Der Preiskommission gehört je ein Vertreter der Arbeiterkammer, der Wirtschaftskammer und der Landwirtschaftskammer in Wien an. Die Kommission muss vor einer Entscheidung gehört werden, der Antragsteller auf Preiserhöhung muss ihr alle relevanten Unterlagen aushändigen. Verbindlich sind die Wünsche der Kommission allerdings nicht, es entscheidet in diesem Fall einzig Bürgermeister Michael Ludwig (SPÖ) per Bescheid.

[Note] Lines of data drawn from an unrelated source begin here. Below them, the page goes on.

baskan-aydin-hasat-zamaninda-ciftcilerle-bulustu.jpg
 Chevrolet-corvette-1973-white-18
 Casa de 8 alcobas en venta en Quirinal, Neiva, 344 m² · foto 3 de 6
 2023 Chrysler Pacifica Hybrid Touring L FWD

Was Ludwig (nicht) tun kann

Kann er also den Preisanstieg bei Wien Energie verhindern? Laut Worten des Gesetzes wird das schwer: Er müsste nämlich nachweisen, dass die von Wien Energie geforderte Preiserhöhung "die internationale Preisentwicklung, den allgemeinen Preisindex des betreffenden Wirtschaftszweiges oder die allgemeine Preiserhöhung dieses Wirtschaftszweiges in einem ungewöhnlichen Maße übersteigt".

Sprich: Nur wenn Wien Energie deutlich stärker die Preise anhebt, als Entwicklungen an den europäischen Gasmärkten dies rechtfertigen würden, kann der Bürgermeister ein Veto einlegen. "Die Spielräume der Politik sind begrenzt", sagt auch die zuständige Energieexpertin der Wiener Arbeiterkammer, Dorothea Herzele, die selbst in der Preiskommission sitzt. "Die Möglichkeiten einzuschreiten sind nach dem Preisgesetz nicht sehr stark."

Die Preise steigen. Aber warum eigentlich? Und was müsste konkret dagegen getan werden? Sechs Fragen an die Ökonomin Lea Steininger.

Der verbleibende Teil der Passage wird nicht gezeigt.